**What this task involves**. An exact repetition of the data is required; no picture should appear in it.

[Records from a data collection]
"""
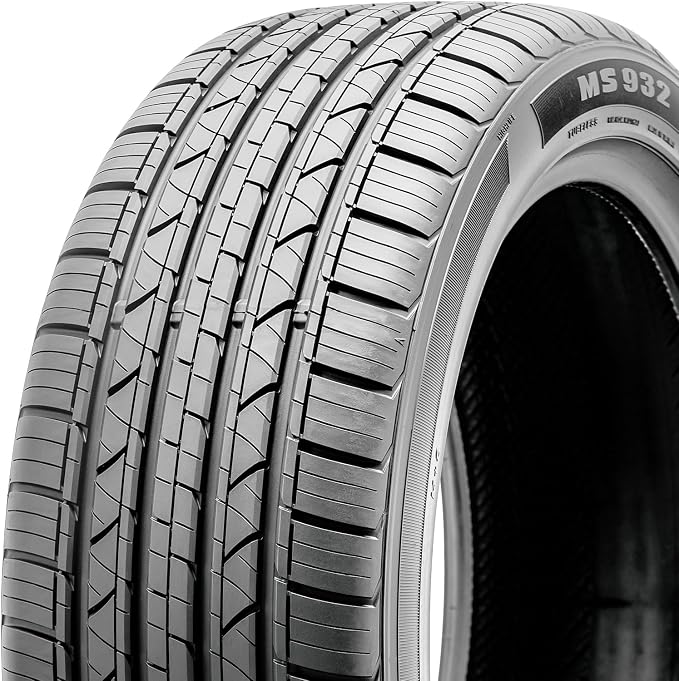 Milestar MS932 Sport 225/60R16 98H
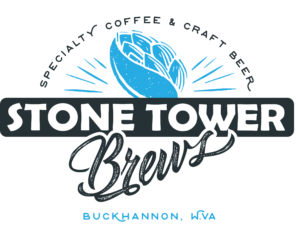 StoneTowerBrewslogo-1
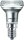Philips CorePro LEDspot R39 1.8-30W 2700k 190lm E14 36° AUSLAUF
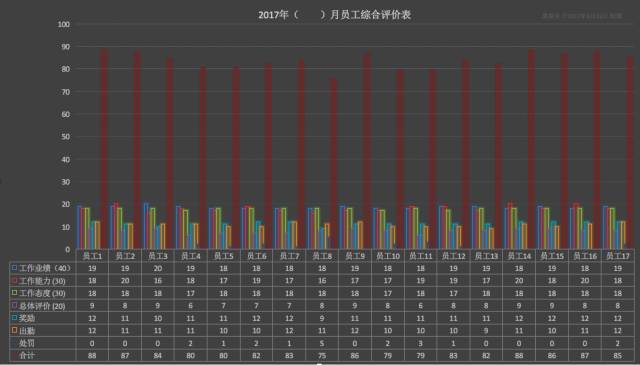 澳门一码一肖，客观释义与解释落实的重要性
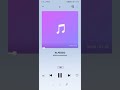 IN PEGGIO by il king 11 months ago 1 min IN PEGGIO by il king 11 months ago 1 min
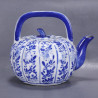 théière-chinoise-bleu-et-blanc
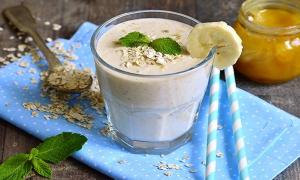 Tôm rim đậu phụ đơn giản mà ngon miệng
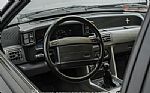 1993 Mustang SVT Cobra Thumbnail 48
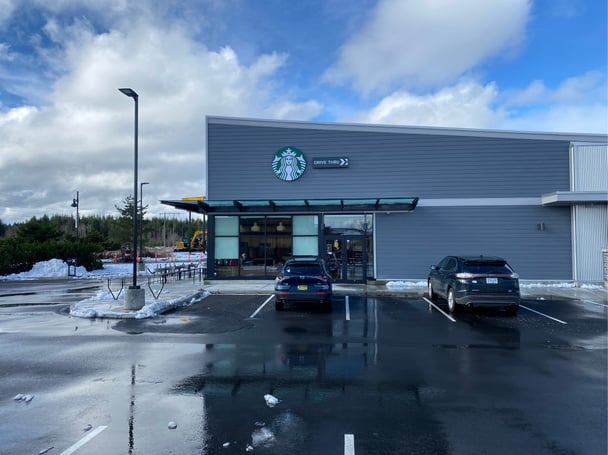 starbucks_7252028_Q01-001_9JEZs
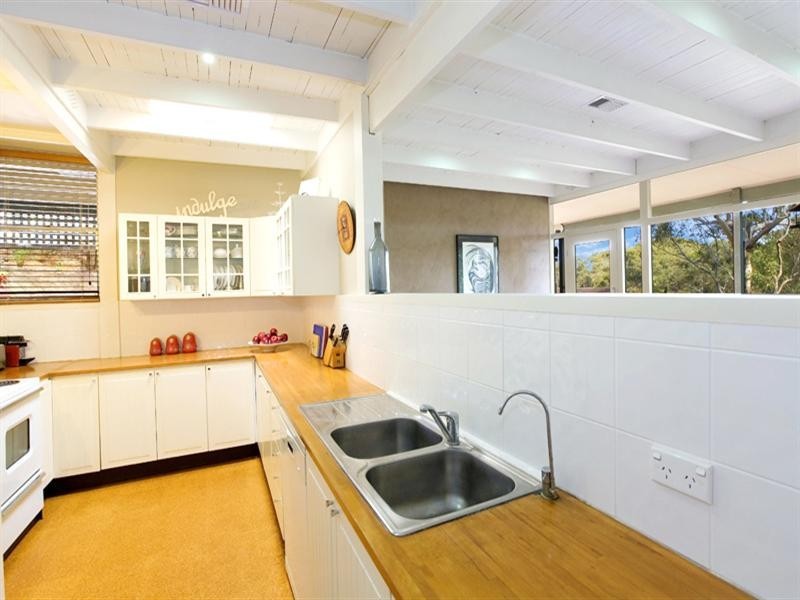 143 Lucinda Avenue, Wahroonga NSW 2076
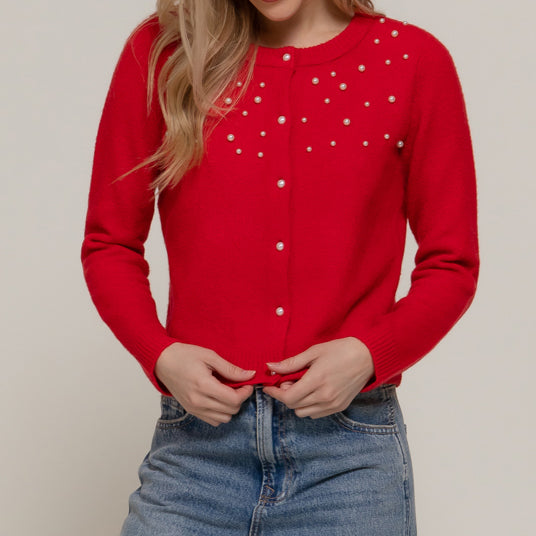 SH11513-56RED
"""
**Exercise response**.
 Milestar MS932 Sport 225/60R16 98H
 StoneTowerBrewslogo-1
Philips CorePro LEDspot R39 1.8-30W 2700k 190lm E14 36° AUSLAUF
 澳门一码一肖，客观释义与解释落实的重要性
 IN PEGGIO by il king 11 months ago 1 min IN PEGGIO by il king 11 months ago 1 min
 théière-chinoise-bleu-et-blanc
 Tôm rim đậu phụ đơn giản mà ngon miệng
 1993 Mustang SVT Cobra Thumbnail 48
 starbucks_7252028_Q01-001_9JEZs
 143 Lucinda Avenue, Wahroonga NSW 2076
 SH11513-56RED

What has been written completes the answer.